--- Data for the task Enclosed Below ---

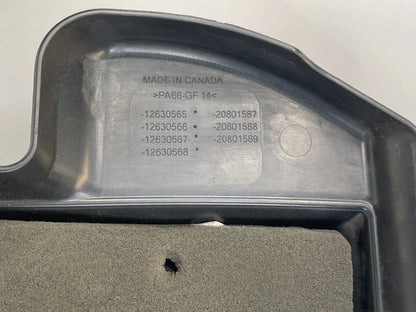 2010-2012 GMC ACADIA 3.0L ENGINE TOP COVER TRIM SHIELD BEZEL 12630565 OEM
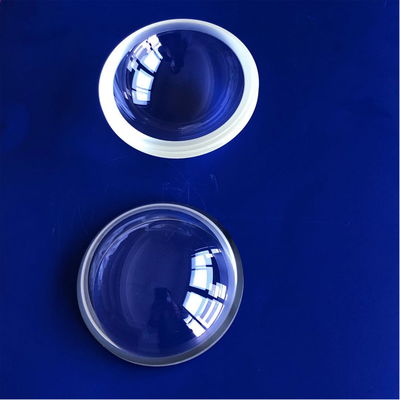 AR-Beschichtungssilikon optische Sapphire Dome Lens für Infrarotwärmebildkamera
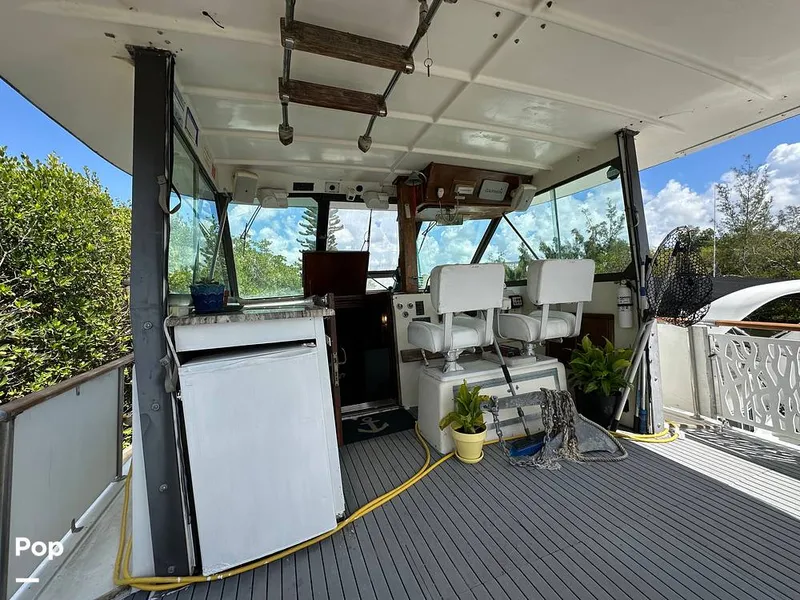 Slide: The Image of Hatteras 43 Double Cabin 1979 - 16267601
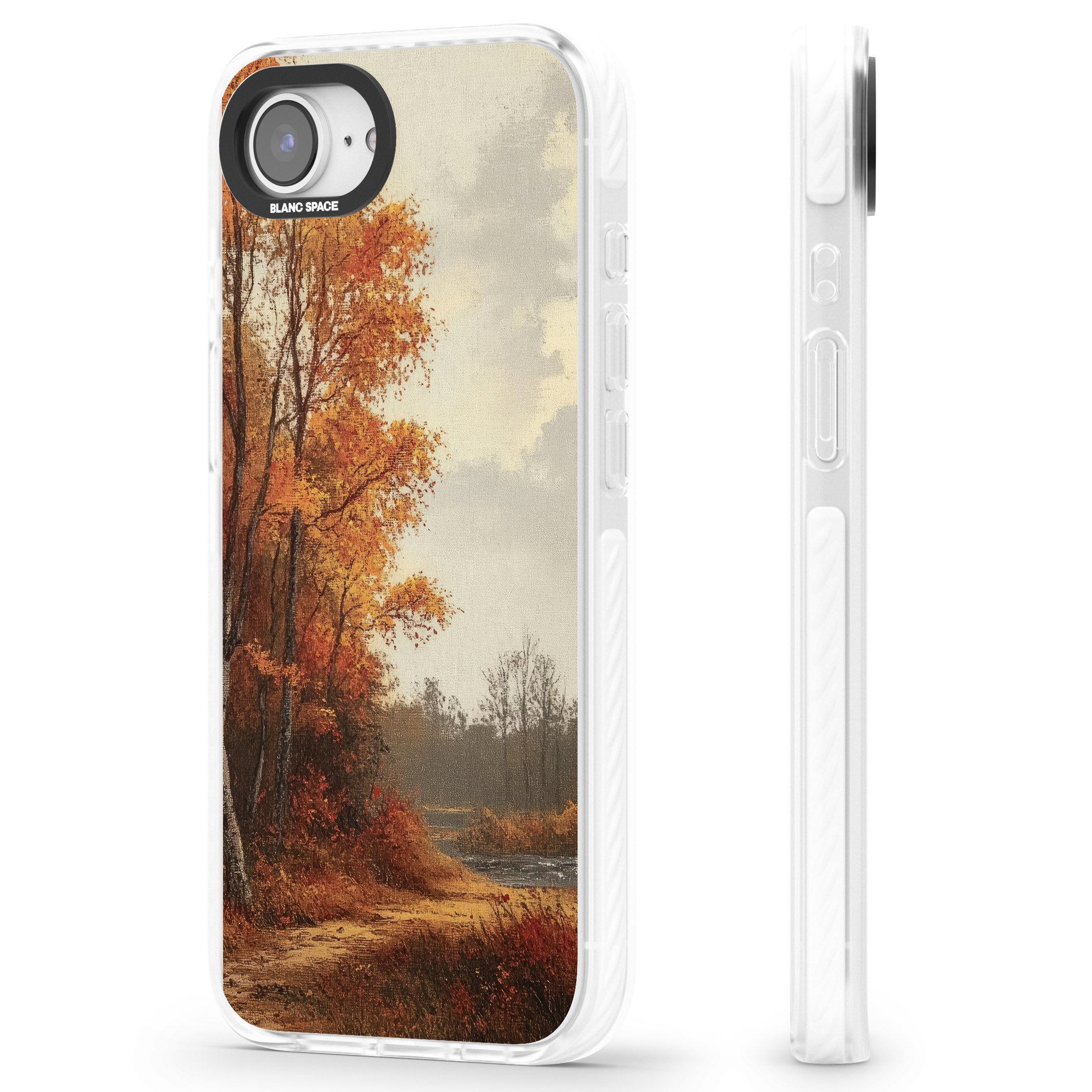 Vintage Autumn Oil Painting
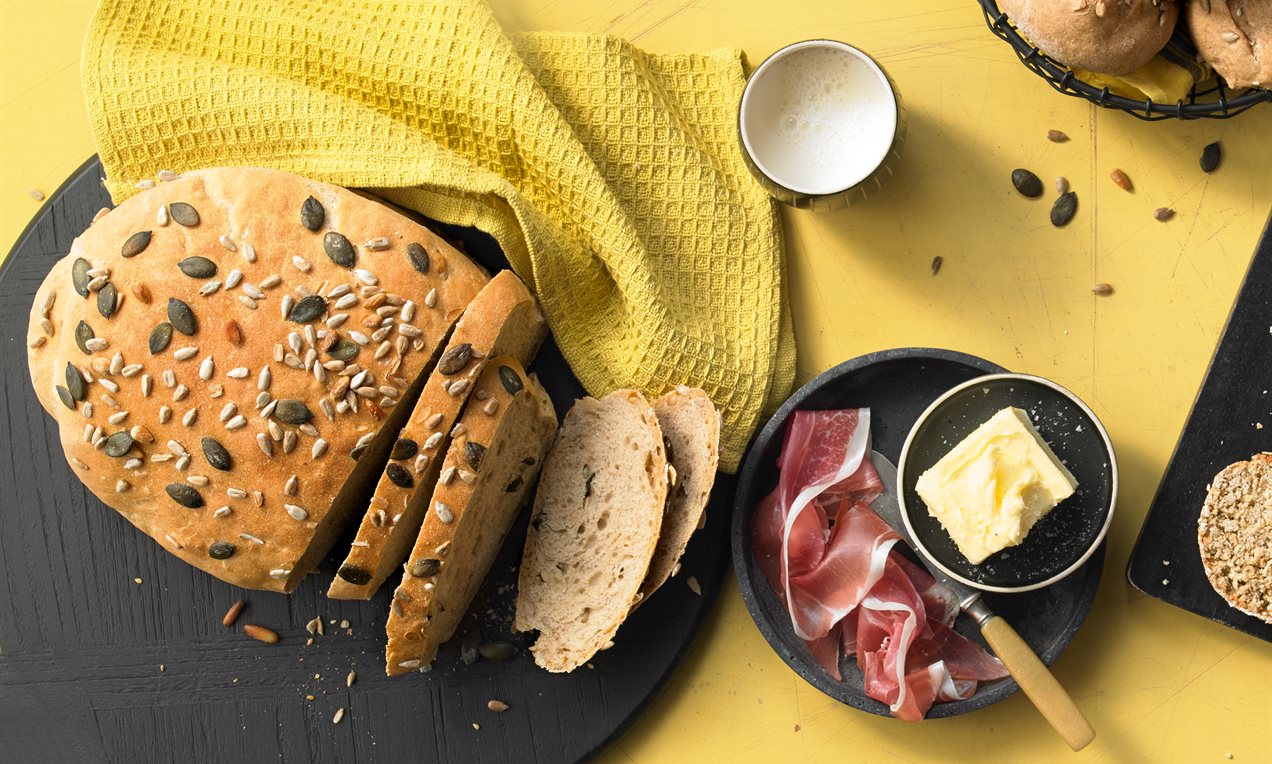 Dinkelbrot Rezept | Dr. Oetker Dinkelbrot Rezept | Dr. Oetker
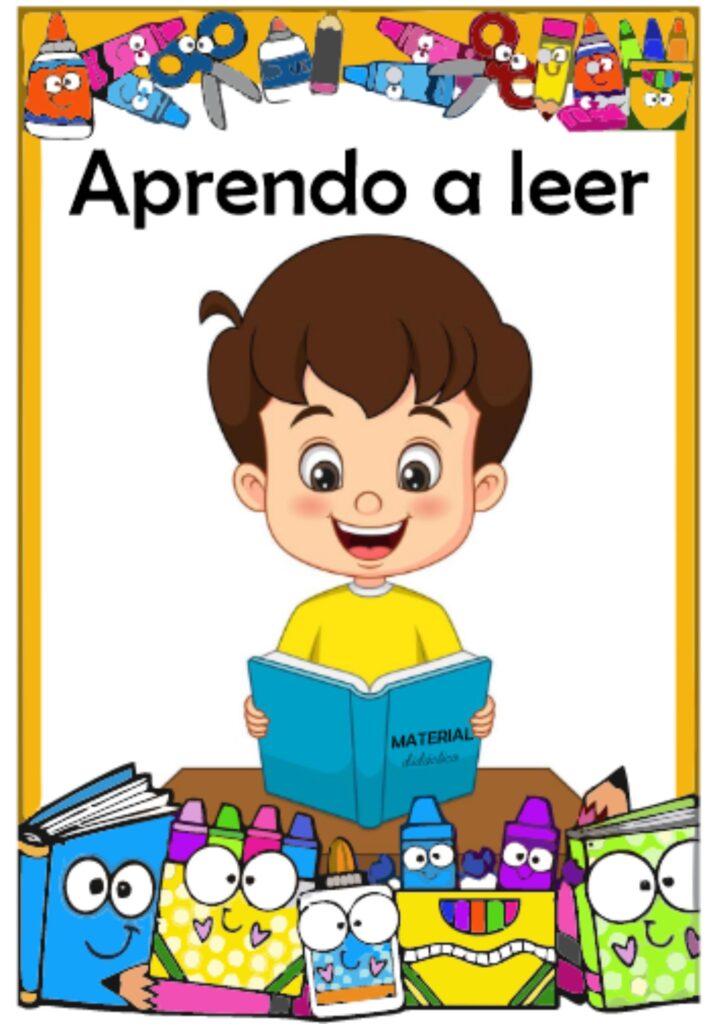 cuadernillos aprender a leer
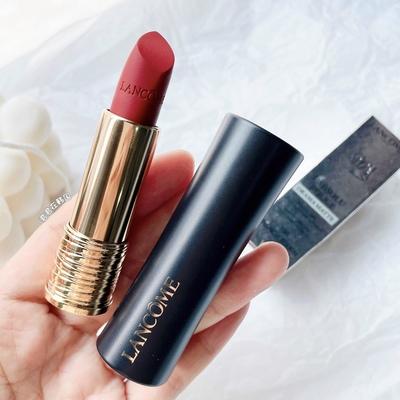 【520礼物】兰蔻菁纯哑光口红 丝绒雾面小蛮腰唇膏 #196 #888 商品图0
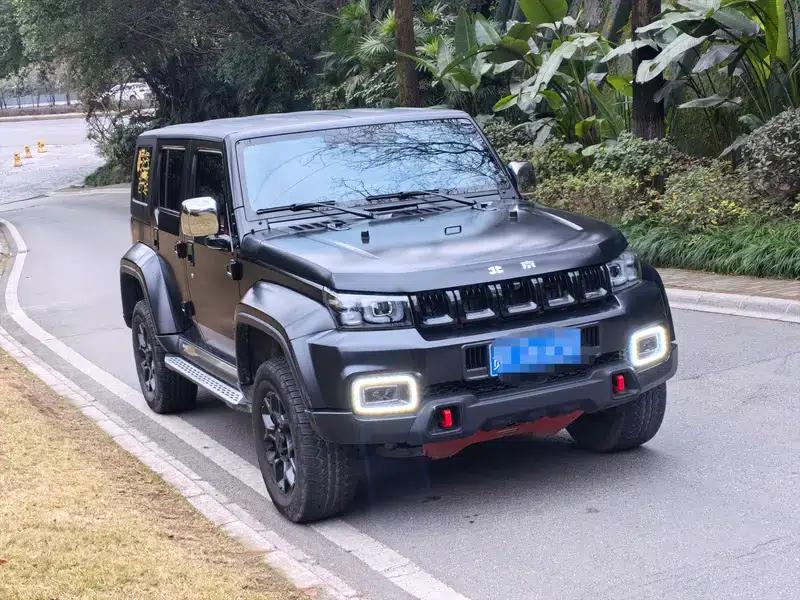 Beijing BJ40 2023 2.0D Automatic 4WD Blade Hero Edition (Hero Model) — миниатюра 3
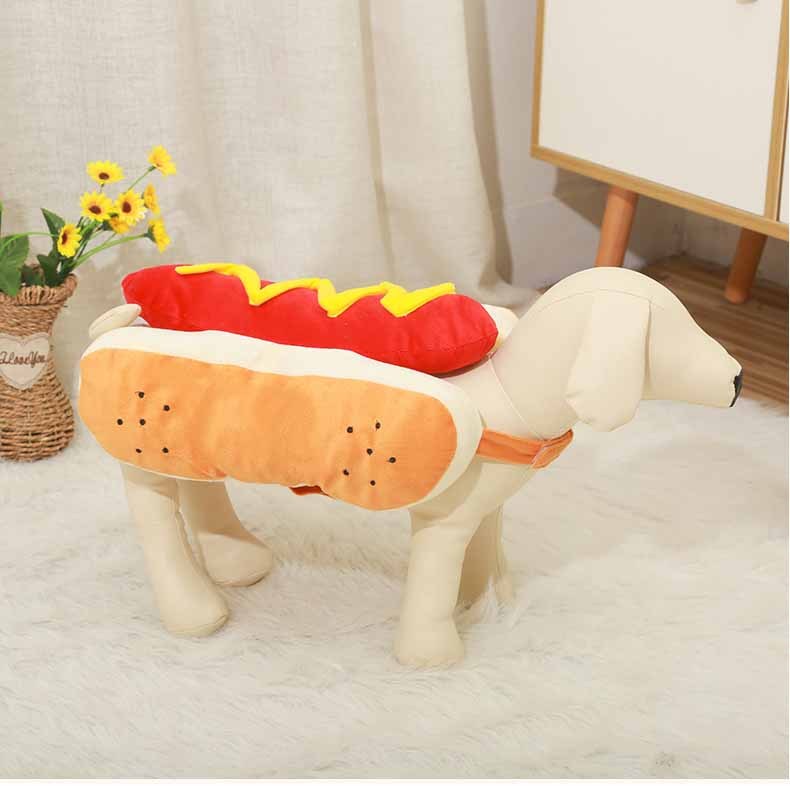 Pet Hot Dog Costume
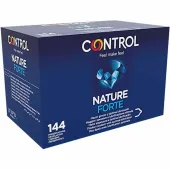 control adapta forte 144 szt. prezerwatywy anatomiczne, nawilżane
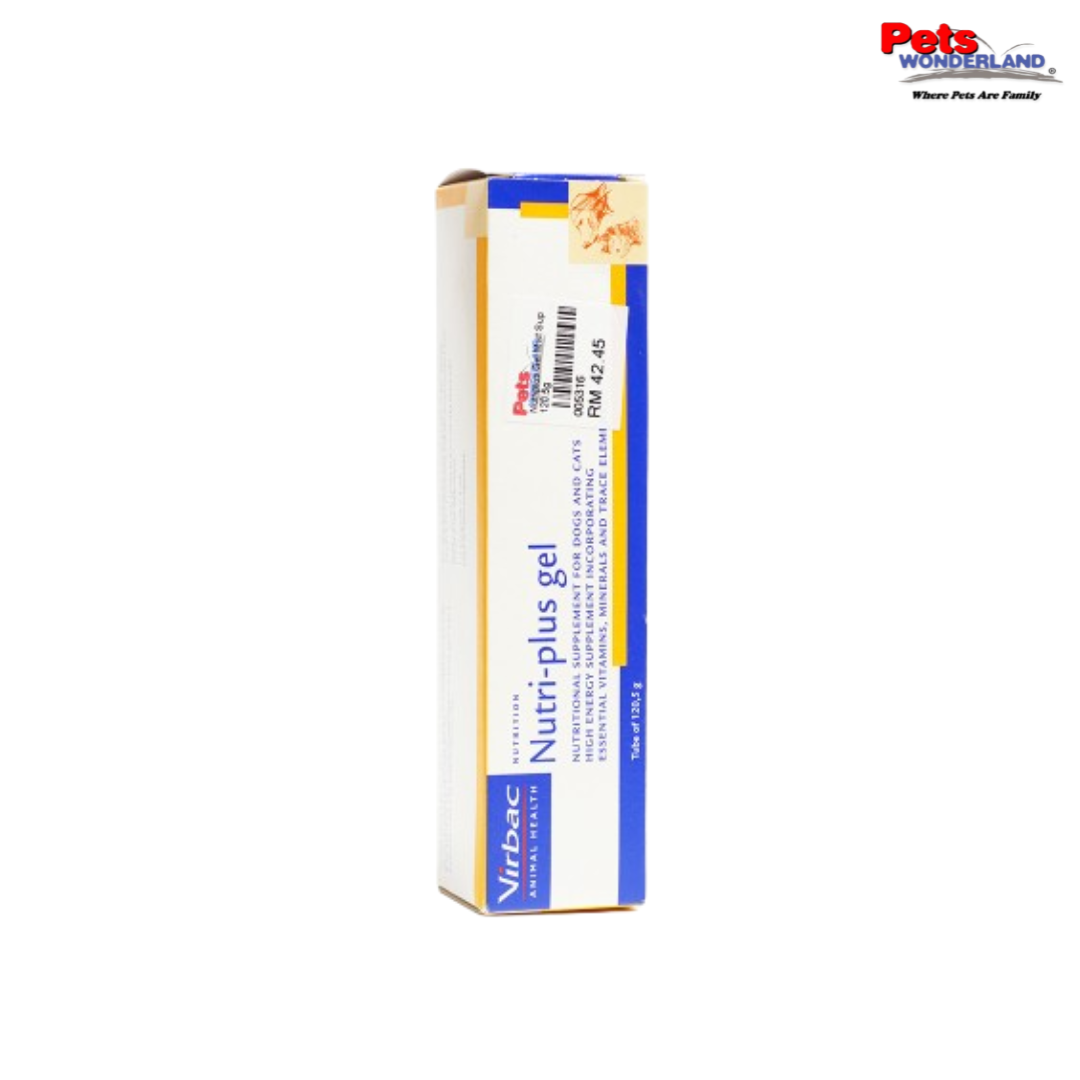 Virbac Nutriplus Gel 120.5g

--- End of Enclosed Data for the task ---

Task to complete: Within the listing above, find the line containing "Vintage Autumn Oil Painting" and the line containing "Pet Hot Dog Costume". Transcribe them and everything between them exactly, leaving out the pictures.

Response to this task:
 Vintage Autumn Oil Painting
 Dinkelbrot Rezept | Dr. Oetker Dinkelbrot Rezept | Dr. Oetker
 cuadernillos aprender a leer
 【520礼物】兰蔻菁纯哑光口红 丝绒雾面小蛮腰唇膏 #196 #888 商品图0
 Beijing BJ40 2023 2.0D Automatic 4WD Blade Hero Edition (Hero Model) — миниатюра 3
 Pet Hot Dog Costume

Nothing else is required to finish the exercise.